The sign at the corner of my neighbor’s yard reads “No Trespassing”! In the past, my neighbors had some problems with thugs coming to visit and threatening their family’s safety, so they posted the sign so if the need arose, they could have unwanted visitors arrested and hauled away!
The sign seems a quite unfriendly to passers by that don’t know the whole story. It is definitely not a warm welcome or a “let’s sit down and have a glass of ice tea” invitation, but the sign is effective and is easy to read with its’ big reflective letters! Signs provide for us information. Even here in our church we use signs. We have a street sign, donation sign and an infant care sign, just to name a few! And at times here at the church we all wear a “No Trespassing” sign around our necks! When we are hurt and offended when someone crosses our property line of safety or if someone hurls insults at us with their slingshot tongue of oppression, we become less hospitable and tolerant! We immediately put up our “No Trespassing” sign and close and lock the door
Here in this hospital of Orthodoxy, we all fall short of perfection. We are all here because we are sick, injured and hurt. Sin can be an immobilizing life-threatening infection. But we are called to try to nurture and love others despite our bleeding wounds. We do not want to seem unwelcoming to passer-bys on this road to salvation! Saint Nikolaj Velimirovic, a former bishop in Serbia said: “He who has no patience with us when we sin does not love us.” He further states, “Patience, forgiveness and joy are the three greatest characteristics of divine love … Without these three characteristics love is not love. If you give the name love to anything else, it is as though you were giving the name sheep to a goat or a pig.”

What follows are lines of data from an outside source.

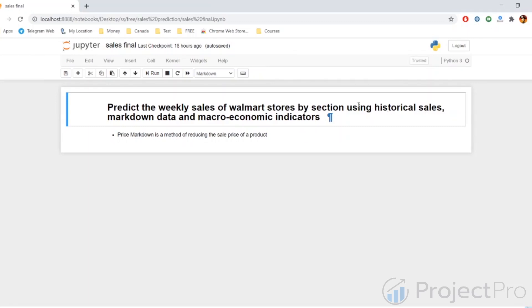Along with that, we have some other categories of data like the markdown data. Markdown data is available at the store level and tells us what is the reduction in the price of the product. It's essentially something very similar to discounts.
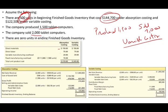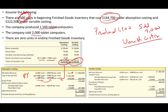Fixed overhead per unit is now $111,000 ÷ 1,500 = $74, which is higher than before. Unit cost under absorption is $319; under variable it's $245. Under absorption costing: sales is $1,000,000. Cost of goods sold includes 500 units from the prior period at $289.40 plus 1,500 units at $319, totaling $623,200. After variable and fixed selling and administrative, operating income is $135,800 with no ending inventory.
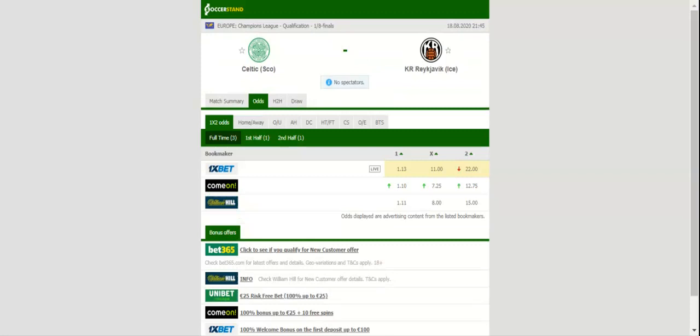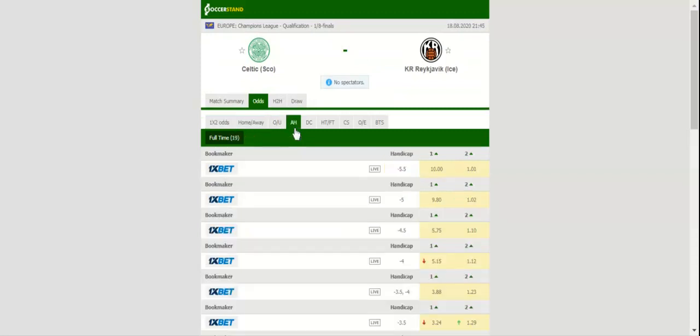Celtic are a real force to be reckoned with at home and they are likely to go all guns blazing at Reykjavik in Tuesday's showdown.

All of mankind needs the forgiveness of our loving God and we must seek it! Our God is a merciful God and we must offer thanksgiving and praise and make a healthy salvific attempt to live a righteous lifestyle! Suffering and dying on the cross, Christ says these words: “Father, forgive them, for they know not what they do.” [Lk. 23:34] What better example do we need? Why do we delay when it comes to forgiveness?
Elder Paisios of Mount Athos says it like this: “When we are wronged and accept this injustice, then in fact we gain. For example, am I wrongfully accused of having committed a crime and imprisoned unjustly? That’s fine. My conscience is clear since I have not committed that crime, and on top of that, I have a heavenly reward. Is there a greater benevolence? I don’t complain to God; instead, I glorify God, “How can I thank you, my Lord, that I didn’t commit that crime? If I had, I wouldn’t have been able to bear pangs (painful emotion) of remorse.” That’s when jail can become Paradise. Has someone struck me unjustly? “Glory be to you, O lord! Perhaps I may be able to pay off a sin; I, too, had once struck someone.” Have I been insulted unjustly? “Glory be to Thee, O Lord! I accept out of love for You, for You. Too, were struck and slandered for me.”“(Spiritual Struggle pg 88, Elder Paisios of Mount Athos, Spiritual Counsels III)
Forgive those armed with double-barrel tongues of malice and may the aching blood seeping from your wounds be the healing blood of Christ to all humanity. And hopefully the reflective letters on our sign will no longer read “No Trespassing” but will read a hearty “WELCOME”.